Predictors of vulnerable atherosclerotic plaques induced by cholesterol and balloon injury in rabbits

Abstract

To detect the optimal predictors of vulnerable atherosclerotic plaques. Forty New Zealand white rabbits underwent balloon-induced abdominal aortic wall injury and were fed a high cholesterol and saturated fat diet containing 1% cholesterol for 8 weeks. Rabbits were then randomly divided into two groups: group A (n = 20, the aortic segments rich in plaques were incubated transluminally with recombinant adenovirus carrying p53) and group B [n = 20, incubated transluminally with β galactosidase (LacZ) genes]. Two weeks later, rabbits underwent pharmacological triggering with injection of Chinese Russell's viper venom (CRVV) and histamine. Before pharmacologically triggering, concentrations of hs-CRP, sVCAM-1 and sICAM-1 were measured by means of Enzyme-linked-immunosorbent assay (ELISA).
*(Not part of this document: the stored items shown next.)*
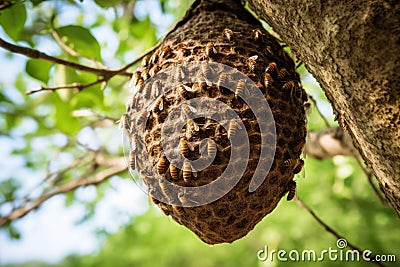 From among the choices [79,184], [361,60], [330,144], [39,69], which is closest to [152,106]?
[361,60]

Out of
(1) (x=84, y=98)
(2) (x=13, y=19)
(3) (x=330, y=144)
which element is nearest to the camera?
(2) (x=13, y=19)

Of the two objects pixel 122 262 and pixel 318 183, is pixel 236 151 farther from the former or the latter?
pixel 122 262

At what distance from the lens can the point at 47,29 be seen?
1819 mm

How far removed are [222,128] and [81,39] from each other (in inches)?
33.8

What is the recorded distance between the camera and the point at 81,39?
166 centimetres

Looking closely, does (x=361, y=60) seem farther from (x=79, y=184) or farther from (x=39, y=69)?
(x=79, y=184)

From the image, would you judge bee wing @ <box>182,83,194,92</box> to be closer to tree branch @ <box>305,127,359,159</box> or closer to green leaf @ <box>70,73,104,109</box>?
tree branch @ <box>305,127,359,159</box>

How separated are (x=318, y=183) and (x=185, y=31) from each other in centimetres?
223

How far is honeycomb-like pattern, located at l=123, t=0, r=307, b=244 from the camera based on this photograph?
0.99 m

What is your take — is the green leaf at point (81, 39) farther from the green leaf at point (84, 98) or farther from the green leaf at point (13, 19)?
the green leaf at point (84, 98)

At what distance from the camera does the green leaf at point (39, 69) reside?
169 cm

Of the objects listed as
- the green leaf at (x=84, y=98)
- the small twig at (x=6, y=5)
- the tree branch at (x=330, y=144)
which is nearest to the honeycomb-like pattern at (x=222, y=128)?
the small twig at (x=6, y=5)

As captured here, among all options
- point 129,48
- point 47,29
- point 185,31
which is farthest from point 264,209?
point 129,48

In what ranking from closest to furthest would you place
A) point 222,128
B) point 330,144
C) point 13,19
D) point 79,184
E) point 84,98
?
point 222,128 → point 13,19 → point 330,144 → point 84,98 → point 79,184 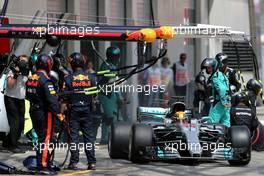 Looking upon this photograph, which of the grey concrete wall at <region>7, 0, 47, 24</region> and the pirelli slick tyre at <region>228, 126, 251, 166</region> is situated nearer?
the pirelli slick tyre at <region>228, 126, 251, 166</region>

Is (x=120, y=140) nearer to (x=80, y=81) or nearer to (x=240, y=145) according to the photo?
(x=80, y=81)

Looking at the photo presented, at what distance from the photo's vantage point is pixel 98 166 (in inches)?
413

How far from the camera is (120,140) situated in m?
10.8

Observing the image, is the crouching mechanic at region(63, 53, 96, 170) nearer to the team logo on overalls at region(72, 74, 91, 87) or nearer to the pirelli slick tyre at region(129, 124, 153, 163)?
the team logo on overalls at region(72, 74, 91, 87)

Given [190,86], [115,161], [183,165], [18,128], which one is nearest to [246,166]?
[183,165]

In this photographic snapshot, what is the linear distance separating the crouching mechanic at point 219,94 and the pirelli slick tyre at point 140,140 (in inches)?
78.8

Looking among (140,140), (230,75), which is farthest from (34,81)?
(230,75)

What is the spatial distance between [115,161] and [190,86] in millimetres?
6304

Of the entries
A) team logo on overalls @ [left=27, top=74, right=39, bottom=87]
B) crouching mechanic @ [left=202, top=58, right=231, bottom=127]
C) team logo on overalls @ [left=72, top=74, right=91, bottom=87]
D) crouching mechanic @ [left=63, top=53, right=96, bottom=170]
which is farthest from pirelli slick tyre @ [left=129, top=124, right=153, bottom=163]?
crouching mechanic @ [left=202, top=58, right=231, bottom=127]

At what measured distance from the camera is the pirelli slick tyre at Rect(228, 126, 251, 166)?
10.5 metres

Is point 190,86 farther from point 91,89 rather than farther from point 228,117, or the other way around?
point 91,89

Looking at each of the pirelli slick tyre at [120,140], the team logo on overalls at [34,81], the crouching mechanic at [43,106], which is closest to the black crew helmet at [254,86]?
the pirelli slick tyre at [120,140]

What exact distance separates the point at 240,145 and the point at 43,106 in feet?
10.0

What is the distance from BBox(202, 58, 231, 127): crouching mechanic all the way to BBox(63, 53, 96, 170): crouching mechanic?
9.30 feet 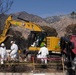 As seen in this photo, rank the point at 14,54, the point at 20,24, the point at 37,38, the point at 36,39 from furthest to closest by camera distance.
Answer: the point at 20,24
the point at 36,39
the point at 37,38
the point at 14,54

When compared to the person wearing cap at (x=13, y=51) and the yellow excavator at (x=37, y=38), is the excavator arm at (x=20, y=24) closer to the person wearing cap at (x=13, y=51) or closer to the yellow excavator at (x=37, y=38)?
the yellow excavator at (x=37, y=38)

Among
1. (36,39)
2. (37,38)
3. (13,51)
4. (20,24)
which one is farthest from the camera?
(20,24)

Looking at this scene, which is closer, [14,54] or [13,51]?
[13,51]

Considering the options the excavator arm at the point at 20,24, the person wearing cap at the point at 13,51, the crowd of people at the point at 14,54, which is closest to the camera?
the crowd of people at the point at 14,54

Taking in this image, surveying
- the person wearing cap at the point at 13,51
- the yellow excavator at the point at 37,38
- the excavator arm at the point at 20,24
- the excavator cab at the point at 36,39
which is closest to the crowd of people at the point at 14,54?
the person wearing cap at the point at 13,51

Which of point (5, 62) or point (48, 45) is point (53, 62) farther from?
point (48, 45)

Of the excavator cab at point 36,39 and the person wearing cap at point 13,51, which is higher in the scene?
the excavator cab at point 36,39

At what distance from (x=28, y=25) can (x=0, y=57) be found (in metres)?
8.96

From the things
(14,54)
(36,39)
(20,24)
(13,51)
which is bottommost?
(14,54)

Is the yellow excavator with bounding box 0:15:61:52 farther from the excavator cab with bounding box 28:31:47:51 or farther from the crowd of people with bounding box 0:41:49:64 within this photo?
the crowd of people with bounding box 0:41:49:64

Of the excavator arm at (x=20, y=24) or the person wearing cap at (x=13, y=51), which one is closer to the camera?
the person wearing cap at (x=13, y=51)

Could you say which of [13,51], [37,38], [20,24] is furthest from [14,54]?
[20,24]

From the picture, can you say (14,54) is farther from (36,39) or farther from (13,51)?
(36,39)

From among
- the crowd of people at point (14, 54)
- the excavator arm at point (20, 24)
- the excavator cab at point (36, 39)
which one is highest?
the excavator arm at point (20, 24) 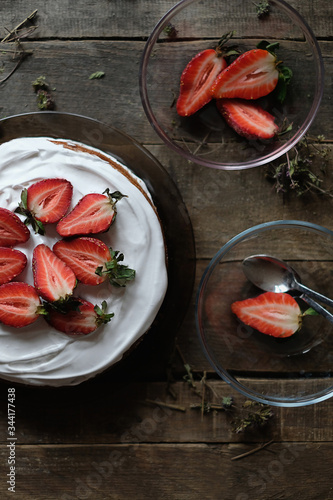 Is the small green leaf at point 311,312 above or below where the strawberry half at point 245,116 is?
below

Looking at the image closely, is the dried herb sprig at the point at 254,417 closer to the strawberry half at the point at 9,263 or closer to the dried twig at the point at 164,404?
the dried twig at the point at 164,404

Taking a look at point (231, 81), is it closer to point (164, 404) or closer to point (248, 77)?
point (248, 77)

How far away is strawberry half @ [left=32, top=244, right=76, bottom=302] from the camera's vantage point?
1467 millimetres

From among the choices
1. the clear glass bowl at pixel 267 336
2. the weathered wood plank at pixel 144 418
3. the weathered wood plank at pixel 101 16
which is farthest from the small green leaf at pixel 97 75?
the weathered wood plank at pixel 144 418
Fibrinogen was analyzed by nephelometer. Ultrasound imaging, accuracy densitometry (AD) examination and intravascular ultrasound (IVUS) were performed to analyze the in vivo features of vulnerable plaques. Logistic regression was used to detect the predictors for vulnerable plaques. The ratio of plaque rupture after pharmacological triggering was significantly higher in group A (89.5%, 17/19) than in group B (22.2%, 4/18). Serum hs-CRP level was significantly higher in plaque rupture group than in non-rupture group before pharmacological triggering (P < 0.05). In the meantime, parameters derived from ultrasound imaging [intima-media thickness (IMT) and peak velocity (VP), values of accuracy densitometry], measurements of IVUS [external elastic membrance area (EEMA), plaque area (PA), plaque burden (PB), eccentric index (EI) and remodeling index (RI)] were significantly larger in plaque rupture group than in non-rupture group. Logistic regression showed that EI (OR = 26.917), PA (OR = 19.301), sVCAM-1 (OR = 1.339) and AII-c% (OR = 0.458) were independent predictors for plaque rupture (all P < 0.05). The major predictors of vulnerable plaques were eccentric index (EI) and plaque area (PA), sVCAM-1 and AII-c% in this model.